Il Tar Campania, Napoli, Sez. VIII, con la Sentenza del 14-11-2019, n.5368, si è occupato del caso di omessa presentazione del DGUE da parte del progettista durante le fasi di una gara d’appalto.
Se il progettista omette il DGUE il Soccorso Istruttorio è legittimo? Ecco che cosa ha deciso il TAR di Napoli.

La società ricorrente ha impugnato una procedura di gara per l’affidamento del servizio di supporto alla riscossione ordinaria delle entrate tributarie e l’affidamento in concessione delle attività di accertamento e riscossione coattiva di Tares/Tarsu/Tari e di Ici/Imu/Tasi.

La parte ricorrente afferma che il soccorso istruttorio sarebbe stato utilizzato al di fuori dei limiti stabiliti in materia dal d.lgs n. 50 del 2016 e dal disciplinare di gara.

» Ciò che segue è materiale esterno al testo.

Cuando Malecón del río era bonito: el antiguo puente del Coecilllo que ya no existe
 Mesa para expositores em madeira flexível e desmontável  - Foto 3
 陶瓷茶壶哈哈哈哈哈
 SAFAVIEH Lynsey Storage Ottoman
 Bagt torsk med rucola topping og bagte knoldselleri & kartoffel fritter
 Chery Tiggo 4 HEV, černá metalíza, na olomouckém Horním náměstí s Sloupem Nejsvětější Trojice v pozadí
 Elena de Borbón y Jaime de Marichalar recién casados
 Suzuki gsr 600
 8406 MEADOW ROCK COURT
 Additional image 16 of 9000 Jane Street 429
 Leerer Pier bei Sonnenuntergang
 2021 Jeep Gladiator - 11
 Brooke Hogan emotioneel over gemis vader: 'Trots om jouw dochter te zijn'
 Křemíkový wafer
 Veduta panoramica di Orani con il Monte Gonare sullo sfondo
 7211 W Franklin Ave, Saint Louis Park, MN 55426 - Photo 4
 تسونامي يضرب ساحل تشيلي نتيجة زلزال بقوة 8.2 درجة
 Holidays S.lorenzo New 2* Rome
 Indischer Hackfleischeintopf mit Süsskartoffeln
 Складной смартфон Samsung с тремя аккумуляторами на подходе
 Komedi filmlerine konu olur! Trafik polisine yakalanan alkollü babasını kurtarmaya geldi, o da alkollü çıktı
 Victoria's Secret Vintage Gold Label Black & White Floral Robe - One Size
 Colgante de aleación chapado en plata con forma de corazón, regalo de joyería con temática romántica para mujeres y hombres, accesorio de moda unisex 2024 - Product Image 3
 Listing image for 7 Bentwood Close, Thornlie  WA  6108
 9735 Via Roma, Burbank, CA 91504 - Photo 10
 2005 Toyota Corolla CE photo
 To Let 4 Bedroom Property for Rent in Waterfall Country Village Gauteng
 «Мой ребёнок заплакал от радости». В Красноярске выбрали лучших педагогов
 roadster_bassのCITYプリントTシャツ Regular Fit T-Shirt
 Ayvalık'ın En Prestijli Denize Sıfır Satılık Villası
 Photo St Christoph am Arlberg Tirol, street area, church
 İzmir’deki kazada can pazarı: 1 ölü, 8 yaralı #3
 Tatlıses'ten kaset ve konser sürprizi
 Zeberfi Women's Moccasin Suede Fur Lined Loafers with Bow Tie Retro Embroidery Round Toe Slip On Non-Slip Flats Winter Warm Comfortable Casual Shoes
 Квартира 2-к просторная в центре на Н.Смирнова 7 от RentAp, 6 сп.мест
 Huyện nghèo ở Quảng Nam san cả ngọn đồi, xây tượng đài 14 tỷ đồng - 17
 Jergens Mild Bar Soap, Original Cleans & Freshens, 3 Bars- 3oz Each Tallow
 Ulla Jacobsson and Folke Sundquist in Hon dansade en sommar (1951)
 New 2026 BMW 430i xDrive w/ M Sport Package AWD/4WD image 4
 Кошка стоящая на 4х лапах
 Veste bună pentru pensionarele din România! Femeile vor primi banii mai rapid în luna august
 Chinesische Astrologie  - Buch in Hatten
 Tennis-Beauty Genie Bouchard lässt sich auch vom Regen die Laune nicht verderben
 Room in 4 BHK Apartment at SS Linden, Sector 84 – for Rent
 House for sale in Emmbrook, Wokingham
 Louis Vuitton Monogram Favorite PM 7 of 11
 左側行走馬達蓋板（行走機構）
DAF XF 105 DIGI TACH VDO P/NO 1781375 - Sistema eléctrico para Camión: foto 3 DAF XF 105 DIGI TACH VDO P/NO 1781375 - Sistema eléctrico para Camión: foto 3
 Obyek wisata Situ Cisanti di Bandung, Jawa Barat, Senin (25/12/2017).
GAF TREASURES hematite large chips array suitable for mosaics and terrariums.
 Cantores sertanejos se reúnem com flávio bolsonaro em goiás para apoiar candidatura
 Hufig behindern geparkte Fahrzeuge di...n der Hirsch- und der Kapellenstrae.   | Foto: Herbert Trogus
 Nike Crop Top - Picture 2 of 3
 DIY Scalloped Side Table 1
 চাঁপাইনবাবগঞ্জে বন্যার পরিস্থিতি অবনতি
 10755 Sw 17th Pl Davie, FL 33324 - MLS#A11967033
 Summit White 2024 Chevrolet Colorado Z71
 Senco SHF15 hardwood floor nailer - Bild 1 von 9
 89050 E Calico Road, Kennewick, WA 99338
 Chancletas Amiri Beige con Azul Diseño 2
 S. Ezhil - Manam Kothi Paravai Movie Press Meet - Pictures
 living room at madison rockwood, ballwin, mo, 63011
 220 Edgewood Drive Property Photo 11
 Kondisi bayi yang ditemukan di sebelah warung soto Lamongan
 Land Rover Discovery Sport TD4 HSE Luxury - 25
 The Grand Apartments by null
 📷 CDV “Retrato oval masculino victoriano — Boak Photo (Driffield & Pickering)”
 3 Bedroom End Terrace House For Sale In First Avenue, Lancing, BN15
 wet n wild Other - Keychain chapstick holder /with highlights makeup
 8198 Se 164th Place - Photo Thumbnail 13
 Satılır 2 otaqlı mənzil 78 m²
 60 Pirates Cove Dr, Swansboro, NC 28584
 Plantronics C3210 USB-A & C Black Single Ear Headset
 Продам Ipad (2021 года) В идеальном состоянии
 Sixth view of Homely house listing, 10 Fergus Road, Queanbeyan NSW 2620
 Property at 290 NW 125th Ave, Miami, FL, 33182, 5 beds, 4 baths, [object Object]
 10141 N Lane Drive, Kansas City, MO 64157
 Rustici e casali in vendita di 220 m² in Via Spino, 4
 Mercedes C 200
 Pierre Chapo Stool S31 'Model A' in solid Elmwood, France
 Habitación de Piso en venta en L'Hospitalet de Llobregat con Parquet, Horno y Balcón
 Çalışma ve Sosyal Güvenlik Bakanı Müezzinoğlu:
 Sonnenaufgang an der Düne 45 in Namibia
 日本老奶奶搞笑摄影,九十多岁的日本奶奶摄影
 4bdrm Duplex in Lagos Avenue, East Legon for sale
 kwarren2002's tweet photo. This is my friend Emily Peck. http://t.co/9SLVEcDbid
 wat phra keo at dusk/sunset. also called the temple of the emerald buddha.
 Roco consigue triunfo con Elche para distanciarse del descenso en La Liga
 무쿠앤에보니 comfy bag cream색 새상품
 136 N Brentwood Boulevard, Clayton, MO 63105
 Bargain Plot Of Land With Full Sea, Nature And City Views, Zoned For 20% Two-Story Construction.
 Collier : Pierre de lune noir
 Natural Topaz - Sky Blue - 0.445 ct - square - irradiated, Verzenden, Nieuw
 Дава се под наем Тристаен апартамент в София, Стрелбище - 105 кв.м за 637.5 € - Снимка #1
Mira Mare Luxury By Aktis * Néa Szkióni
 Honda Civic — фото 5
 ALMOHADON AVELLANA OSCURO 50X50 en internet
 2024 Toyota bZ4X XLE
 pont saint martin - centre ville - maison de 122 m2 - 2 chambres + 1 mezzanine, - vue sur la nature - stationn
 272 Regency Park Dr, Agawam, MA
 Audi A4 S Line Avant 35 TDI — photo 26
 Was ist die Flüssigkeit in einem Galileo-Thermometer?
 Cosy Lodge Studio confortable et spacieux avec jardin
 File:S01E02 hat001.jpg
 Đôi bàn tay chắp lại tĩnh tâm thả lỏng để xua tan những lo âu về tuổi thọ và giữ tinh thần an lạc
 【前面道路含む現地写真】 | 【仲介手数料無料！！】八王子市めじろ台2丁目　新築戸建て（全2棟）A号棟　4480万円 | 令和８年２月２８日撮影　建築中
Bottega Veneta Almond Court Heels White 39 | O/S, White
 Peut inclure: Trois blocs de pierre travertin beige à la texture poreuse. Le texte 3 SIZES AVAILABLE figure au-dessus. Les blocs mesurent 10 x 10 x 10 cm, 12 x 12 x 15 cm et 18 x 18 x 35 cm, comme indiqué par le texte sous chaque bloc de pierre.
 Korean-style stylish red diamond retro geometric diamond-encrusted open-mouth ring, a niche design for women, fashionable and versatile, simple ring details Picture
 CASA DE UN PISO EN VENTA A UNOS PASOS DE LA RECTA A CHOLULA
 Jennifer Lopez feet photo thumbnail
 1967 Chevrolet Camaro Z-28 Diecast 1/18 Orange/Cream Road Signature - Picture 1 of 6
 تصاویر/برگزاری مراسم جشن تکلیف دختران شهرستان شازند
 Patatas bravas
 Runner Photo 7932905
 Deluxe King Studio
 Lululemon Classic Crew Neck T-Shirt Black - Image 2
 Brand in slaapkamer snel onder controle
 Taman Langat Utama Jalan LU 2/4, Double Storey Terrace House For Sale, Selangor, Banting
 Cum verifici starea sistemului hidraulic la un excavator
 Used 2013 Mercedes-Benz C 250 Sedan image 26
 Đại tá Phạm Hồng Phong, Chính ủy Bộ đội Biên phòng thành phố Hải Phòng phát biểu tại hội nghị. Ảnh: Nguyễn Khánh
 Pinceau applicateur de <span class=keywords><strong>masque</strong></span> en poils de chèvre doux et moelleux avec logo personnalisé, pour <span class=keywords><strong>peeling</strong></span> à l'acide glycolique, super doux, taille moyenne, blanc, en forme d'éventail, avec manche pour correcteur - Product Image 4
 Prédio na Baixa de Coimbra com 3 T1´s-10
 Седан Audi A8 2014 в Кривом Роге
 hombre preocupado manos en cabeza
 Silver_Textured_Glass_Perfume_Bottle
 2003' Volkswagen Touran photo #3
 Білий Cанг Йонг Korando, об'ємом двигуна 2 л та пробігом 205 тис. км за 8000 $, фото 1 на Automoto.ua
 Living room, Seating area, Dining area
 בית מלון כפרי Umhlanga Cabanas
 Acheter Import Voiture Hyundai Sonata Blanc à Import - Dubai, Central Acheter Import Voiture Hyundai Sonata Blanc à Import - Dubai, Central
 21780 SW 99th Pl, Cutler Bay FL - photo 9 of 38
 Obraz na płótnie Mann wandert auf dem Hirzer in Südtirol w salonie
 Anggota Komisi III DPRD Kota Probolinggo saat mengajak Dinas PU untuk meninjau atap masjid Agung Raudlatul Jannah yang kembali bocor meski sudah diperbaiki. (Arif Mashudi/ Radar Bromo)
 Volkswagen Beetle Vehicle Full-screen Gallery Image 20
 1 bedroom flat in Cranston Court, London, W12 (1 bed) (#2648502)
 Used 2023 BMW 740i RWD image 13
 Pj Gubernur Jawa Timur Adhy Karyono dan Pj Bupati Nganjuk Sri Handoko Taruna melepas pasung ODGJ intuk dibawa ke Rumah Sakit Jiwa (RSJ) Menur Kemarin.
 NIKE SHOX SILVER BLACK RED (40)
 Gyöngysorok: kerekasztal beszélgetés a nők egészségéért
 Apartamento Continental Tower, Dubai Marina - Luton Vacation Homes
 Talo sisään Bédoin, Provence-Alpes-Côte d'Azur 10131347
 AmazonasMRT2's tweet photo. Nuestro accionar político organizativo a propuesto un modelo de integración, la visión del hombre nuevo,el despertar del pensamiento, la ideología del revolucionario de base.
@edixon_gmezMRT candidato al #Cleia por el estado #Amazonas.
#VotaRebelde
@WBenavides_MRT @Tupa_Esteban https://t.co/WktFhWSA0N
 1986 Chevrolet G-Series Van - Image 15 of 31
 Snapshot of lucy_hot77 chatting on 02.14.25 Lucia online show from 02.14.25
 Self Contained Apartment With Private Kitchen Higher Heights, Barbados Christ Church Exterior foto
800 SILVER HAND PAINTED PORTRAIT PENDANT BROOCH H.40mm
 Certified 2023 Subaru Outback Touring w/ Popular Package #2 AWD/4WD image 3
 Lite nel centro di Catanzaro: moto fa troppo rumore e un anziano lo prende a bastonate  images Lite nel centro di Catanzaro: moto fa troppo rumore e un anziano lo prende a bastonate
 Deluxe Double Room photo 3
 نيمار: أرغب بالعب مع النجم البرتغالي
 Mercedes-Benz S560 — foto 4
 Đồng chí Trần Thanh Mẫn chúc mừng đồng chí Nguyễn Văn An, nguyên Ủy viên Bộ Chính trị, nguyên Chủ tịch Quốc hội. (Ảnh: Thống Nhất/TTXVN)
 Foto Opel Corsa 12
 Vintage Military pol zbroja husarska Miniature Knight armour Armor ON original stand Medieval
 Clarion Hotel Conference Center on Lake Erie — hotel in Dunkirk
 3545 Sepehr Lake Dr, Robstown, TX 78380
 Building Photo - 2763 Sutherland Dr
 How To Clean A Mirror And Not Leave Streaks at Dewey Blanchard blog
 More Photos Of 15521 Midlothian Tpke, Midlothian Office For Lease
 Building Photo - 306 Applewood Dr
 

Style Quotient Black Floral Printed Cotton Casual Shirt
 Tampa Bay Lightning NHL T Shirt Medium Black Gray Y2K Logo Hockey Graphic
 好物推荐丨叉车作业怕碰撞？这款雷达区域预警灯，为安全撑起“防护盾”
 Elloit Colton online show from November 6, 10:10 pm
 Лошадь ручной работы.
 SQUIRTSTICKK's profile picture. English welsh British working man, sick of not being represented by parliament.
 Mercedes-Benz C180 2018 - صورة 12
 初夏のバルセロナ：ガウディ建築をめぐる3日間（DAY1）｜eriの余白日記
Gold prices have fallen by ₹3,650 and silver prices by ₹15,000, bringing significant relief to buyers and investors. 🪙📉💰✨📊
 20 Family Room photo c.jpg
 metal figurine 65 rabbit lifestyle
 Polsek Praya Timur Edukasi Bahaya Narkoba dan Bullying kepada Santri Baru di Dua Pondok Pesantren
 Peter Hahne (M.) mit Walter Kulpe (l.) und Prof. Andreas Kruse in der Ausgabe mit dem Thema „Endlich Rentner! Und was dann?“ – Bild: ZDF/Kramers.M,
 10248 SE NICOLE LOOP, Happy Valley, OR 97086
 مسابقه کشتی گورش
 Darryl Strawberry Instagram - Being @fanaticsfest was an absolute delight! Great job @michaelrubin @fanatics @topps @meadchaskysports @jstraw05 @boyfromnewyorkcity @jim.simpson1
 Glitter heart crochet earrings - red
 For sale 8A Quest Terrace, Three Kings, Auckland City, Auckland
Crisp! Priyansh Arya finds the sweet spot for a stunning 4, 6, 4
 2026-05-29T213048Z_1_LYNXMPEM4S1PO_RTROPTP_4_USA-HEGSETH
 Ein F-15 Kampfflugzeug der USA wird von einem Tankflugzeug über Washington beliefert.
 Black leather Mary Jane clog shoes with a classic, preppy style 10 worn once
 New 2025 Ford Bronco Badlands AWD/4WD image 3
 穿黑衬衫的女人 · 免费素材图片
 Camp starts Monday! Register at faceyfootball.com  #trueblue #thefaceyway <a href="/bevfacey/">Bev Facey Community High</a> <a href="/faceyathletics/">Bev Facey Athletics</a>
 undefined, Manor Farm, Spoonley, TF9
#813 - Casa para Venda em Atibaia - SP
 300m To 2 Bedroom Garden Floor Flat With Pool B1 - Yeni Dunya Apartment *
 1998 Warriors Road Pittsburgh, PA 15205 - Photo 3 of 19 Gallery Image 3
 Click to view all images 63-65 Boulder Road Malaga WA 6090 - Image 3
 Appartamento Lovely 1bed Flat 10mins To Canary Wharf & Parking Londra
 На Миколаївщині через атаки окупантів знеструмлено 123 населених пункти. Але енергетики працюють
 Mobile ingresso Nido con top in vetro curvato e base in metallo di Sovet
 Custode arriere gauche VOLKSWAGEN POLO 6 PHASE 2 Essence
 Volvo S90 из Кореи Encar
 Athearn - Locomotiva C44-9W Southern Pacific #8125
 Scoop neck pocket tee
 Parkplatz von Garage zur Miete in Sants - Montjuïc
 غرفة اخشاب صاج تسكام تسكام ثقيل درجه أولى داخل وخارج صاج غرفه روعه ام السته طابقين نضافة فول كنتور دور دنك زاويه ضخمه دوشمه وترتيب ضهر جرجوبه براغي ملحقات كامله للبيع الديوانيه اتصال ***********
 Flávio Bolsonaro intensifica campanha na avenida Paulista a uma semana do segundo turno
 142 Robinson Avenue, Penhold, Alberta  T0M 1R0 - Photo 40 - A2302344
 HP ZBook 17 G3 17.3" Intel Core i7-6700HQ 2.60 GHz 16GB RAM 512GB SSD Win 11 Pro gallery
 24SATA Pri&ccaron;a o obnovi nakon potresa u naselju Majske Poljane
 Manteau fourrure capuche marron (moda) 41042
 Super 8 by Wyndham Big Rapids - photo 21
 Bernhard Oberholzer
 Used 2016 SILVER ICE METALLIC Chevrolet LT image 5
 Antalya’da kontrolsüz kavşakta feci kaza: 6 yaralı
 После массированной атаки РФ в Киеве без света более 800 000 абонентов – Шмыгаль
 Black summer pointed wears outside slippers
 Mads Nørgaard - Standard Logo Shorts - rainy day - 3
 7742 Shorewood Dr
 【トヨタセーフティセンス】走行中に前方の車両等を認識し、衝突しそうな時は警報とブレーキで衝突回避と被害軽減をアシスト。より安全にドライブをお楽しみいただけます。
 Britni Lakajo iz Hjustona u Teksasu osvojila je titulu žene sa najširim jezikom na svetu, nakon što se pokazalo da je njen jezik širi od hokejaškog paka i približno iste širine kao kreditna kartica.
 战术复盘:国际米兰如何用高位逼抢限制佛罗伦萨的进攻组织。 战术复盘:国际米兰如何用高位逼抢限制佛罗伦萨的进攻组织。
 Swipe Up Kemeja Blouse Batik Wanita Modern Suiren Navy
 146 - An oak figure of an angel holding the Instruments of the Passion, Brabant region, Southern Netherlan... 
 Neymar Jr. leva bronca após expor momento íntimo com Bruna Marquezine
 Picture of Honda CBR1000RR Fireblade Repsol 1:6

Progettista omette DGUE: Soccorso Istruttorio è legittimo?
In particolare, la presentazione del DGUE da parte del progettista era richiesta a pena di esclusione ai sensi dell’art. 19 del disciplinare di gara.

Inoltre, l’art. 14 comma 2 del citato disciplinare estende al progettista incaricato la necessità dei requisiti di qualificazione di cui all’art. 83 del d.lgs n. 50 del 2016. Dato che la controinteressata, qualificata esclusivamente per l’esecuzione dei lavori e non per la progettazione, ha comunicato in sede di gara l’intenzione di affidare la progettazione esecutiva a un progettista esterno (art. 14 comma 2 lett. c) del disciplinare) quest’ultimo avrebbe dovuto presentare il DGUE a piena di esclusione, come stabilito dal disciplinare di gara.

Il tutto senza possibilità di soccorso istruttorio, configurandosi la mancanza del documento e non la mera incompletezza o la carenza dello stesso.

L’omissione, pur rilevante, rientra nello spettro delle irregolarità sanabili ai sensi dell’art. 83 comma 9 citato. E’ stato infatti omesso un documento individuato nel contenuto (DGUE) e nel suo titolare. Non vi sono altresì contestazioni sull’esistenza del DGUE del progettista alla data della presentazione dell’offerta e sulla presenza dei requisiti di qualificazione.

Ne consegue che, anche se l’inserimento del DGUE nella busta contenente la documentazione amministrativa è previsto a pena di esclusione dal disciplinare di gara, non è individuabile, nell’attività della stazione appaltante, alcuna violazione del citato art. 83 comma 9 del d.lgs n. 50 del 2016 o della par condicio dei concorrenti, in quanto l’omissione in esame non può essere equiparata a “….carenze della documentazione che non consentono l’individuazione del contenuto o del soggetto responsabile della stessa”.